The way we viewed [the violence], I think it's very clear that Blair is not afraid in those moments. [She and Chuck] have a volatile relationship but I do not believe it is abuse [because] Chuck has never, and will never, hurt Blair. He knows it and she knows it, and I feel it's very important to know that she is not scared—if anything, she is scared for Chuck—and what he might do to himself, but she is never afraid of what he might do to her.

In response to these comments, Carina MacKenzie of Zap2it stated, "We're left wondering if Safran missed the part where she went home bleeding because Chuck was using physical intimidation to release his own emotions." PerezHilton.com also disagreed with the show's decision to rationalize Chuck's behavior as "passion". The site further stated, "Is this what the writers and crew want to showcase to their audience? That it's okay to treat the supposed love of your life like this because you're going through 'issues?' "

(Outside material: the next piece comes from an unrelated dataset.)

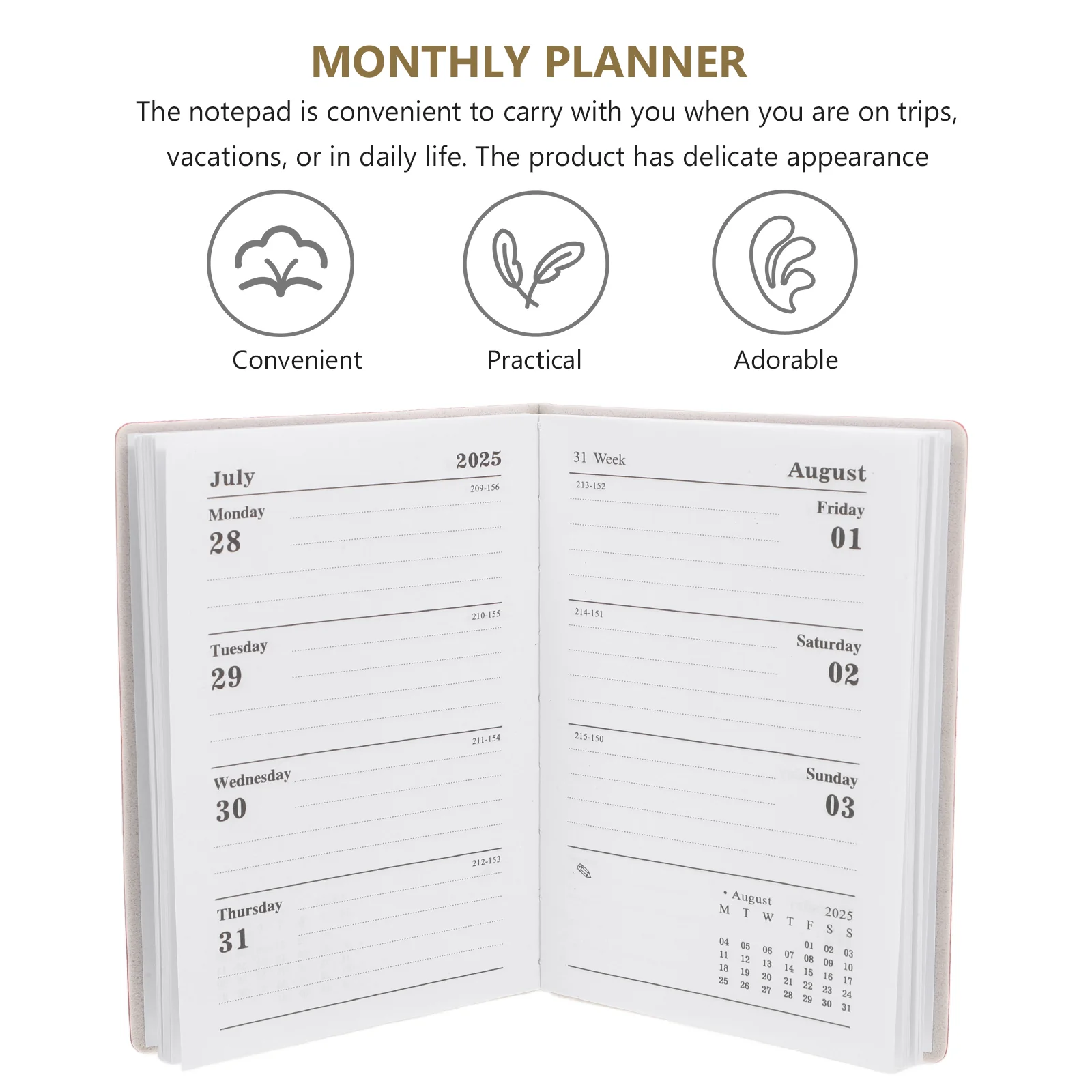 2025 Weekly Agenda Book Schedule Work Things to Do Notepad Pu Planning Calendar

While reviewing the episode, Tierney Bricker of Zap2it remarked that there were "really no excuses for Chuck Bass anymore." MacKenzie concluded that Chuck's behavior throughout Season 4 fit the signs of an abusive relationship, citing examples from HelpGuide.org, a non-profit health resource. She noted Chuck's public humiliation of Blair, his attempt to pawn her during a business deal, and his use of physical intimidation. MacKenzie also called the show's explanation "disturbing, particularly given the young, female target demographic of Gossip Girl and The CW."

Berman later addressed Safran's description of the controversial scene. "Considering how terrified Blair looked at the end of their encounter, and how quickly she got out of there, the show is sending a mixed message at best." She went on to state, "We have no right to expect Gossip Girl to be a paragon of morality, or even realism, but the idea that true love requires taking a shard of glass to the face is disturbing even in this alternate, soap-opera dimension."